◆ TASK ITEM
In full and unaltered, output the records below.

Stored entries
*** Block opens ***

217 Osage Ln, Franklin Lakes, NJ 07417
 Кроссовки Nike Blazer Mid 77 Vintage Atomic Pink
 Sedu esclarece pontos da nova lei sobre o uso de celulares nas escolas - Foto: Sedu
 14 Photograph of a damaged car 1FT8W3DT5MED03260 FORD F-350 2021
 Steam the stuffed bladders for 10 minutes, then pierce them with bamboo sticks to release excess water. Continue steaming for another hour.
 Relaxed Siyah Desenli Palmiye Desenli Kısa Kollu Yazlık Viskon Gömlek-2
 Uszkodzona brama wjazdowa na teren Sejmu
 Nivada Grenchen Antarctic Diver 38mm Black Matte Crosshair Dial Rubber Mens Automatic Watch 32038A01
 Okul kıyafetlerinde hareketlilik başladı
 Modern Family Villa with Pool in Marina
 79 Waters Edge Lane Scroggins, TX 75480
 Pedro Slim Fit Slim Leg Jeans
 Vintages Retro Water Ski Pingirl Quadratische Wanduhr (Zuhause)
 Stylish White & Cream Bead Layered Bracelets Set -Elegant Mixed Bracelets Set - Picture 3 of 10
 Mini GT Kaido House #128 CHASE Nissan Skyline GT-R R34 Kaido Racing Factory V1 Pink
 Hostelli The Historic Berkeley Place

*** Block closes ***

◆ SOLUTION FOR THIS PROBLEM
217 Osage Ln, Franklin Lakes, NJ 07417
 Кроссовки Nike Blazer Mid 77 Vintage Atomic Pink
 Sedu esclarece pontos da nova lei sobre o uso de celulares nas escolas - Foto: Sedu
 14 Photograph of a damaged car 1FT8W3DT5MED03260 FORD F-350 2021
 Steam the stuffed bladders for 10 minutes, then pierce them with bamboo sticks to release excess water. Continue steaming for another hour.
 Relaxed Siyah Desenli Palmiye Desenli Kısa Kollu Yazlık Viskon Gömlek-2
 Uszkodzona brama wjazdowa na teren Sejmu
 Nivada Grenchen Antarctic Diver 38mm Black Matte Crosshair Dial Rubber Mens Automatic Watch 32038A01
 Okul kıyafetlerinde hareketlilik başladı
 Modern Family Villa with Pool in Marina
 79 Waters Edge Lane Scroggins, TX 75480
 Pedro Slim Fit Slim Leg Jeans
 Vintages Retro Water Ski Pingirl Quadratische Wanduhr (Zuhause)
 Stylish White & Cream Bead Layered Bracelets Set -Elegant Mixed Bracelets Set - Picture 3 of 10
 Mini GT Kaido House #128 CHASE Nissan Skyline GT-R R34 Kaido Racing Factory V1 Pink
 Hostelli The Historic Berkeley Place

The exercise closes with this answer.